■ **MATERIAL FOR THIS TASK**
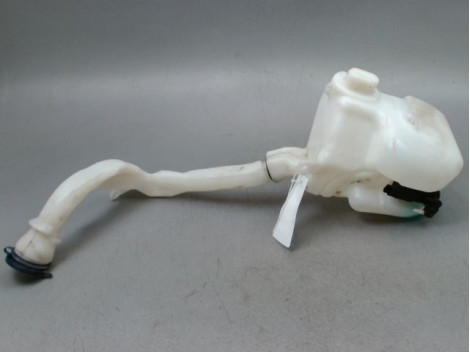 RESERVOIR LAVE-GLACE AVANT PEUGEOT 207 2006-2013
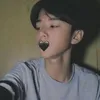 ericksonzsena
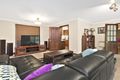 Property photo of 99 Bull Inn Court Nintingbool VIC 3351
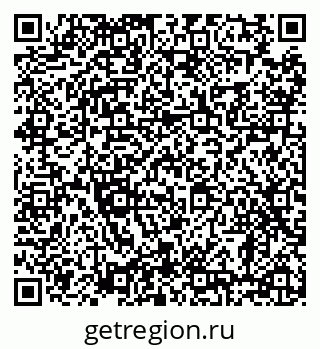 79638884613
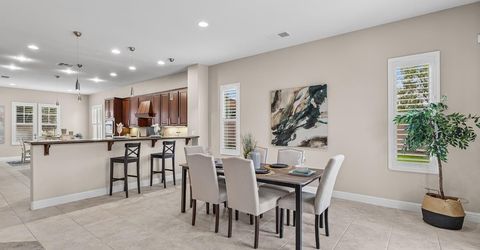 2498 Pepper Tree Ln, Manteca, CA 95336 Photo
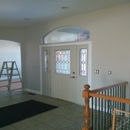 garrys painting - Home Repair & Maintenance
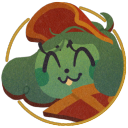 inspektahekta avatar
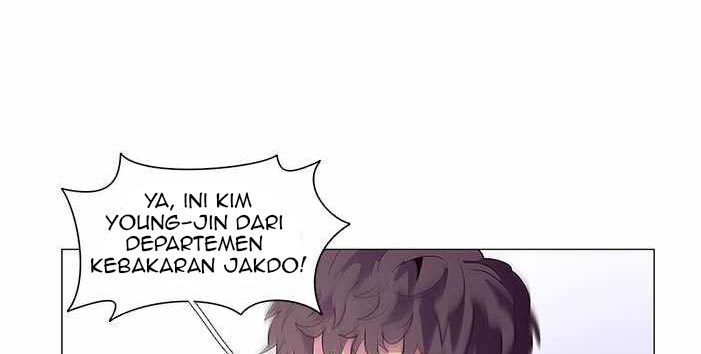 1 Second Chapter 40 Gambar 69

--

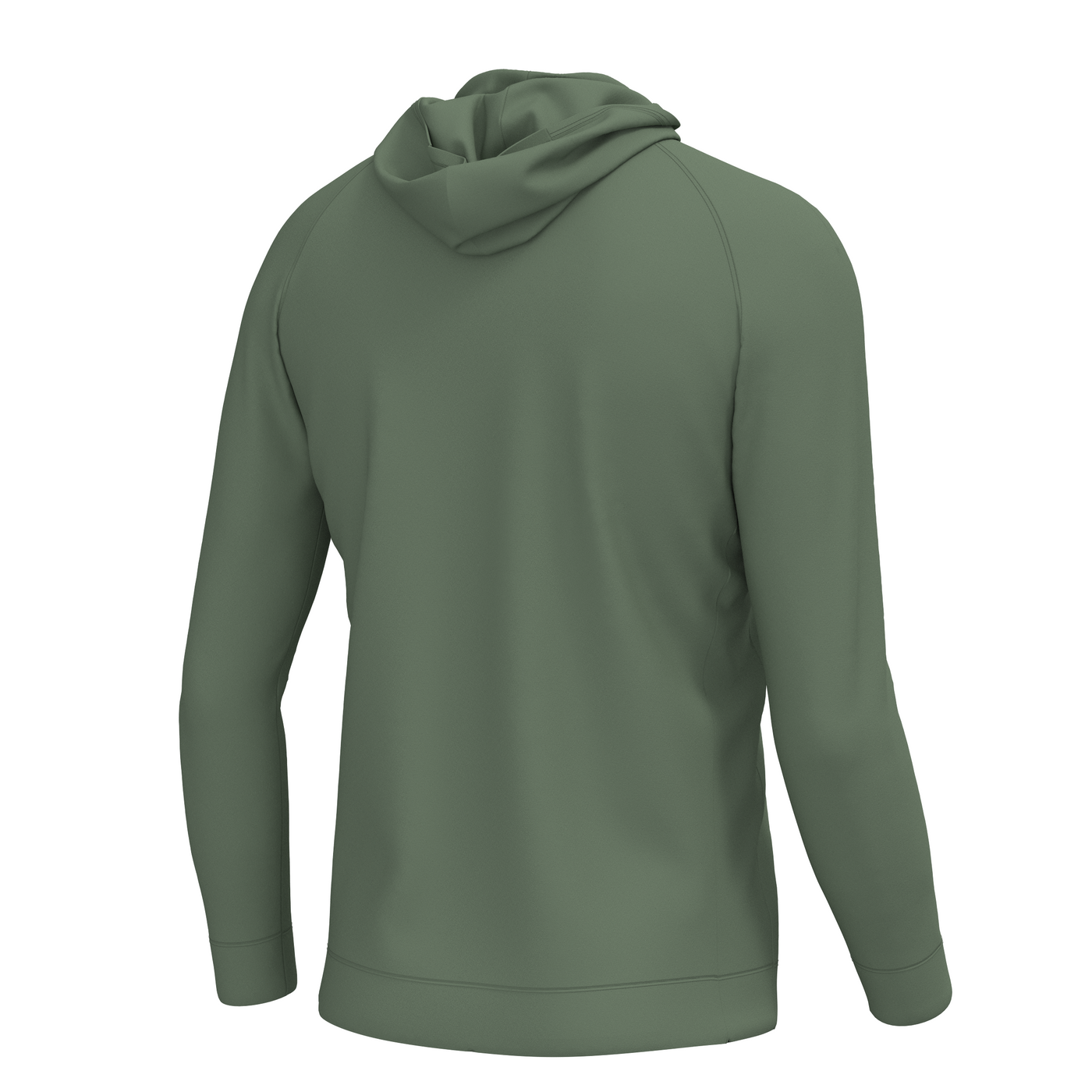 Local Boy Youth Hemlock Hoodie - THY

■ **YOUR TASK**
Look above for the line with "inspektahekta avatar" and the line with "1 Second Chapter 40 Gambar 69". Give again exactly those two lines and all lines between them, pictures excluded.

■ **RESULT FOR THIS TASK**
 inspektahekta avatar
 1 Second Chapter 40 Gambar 69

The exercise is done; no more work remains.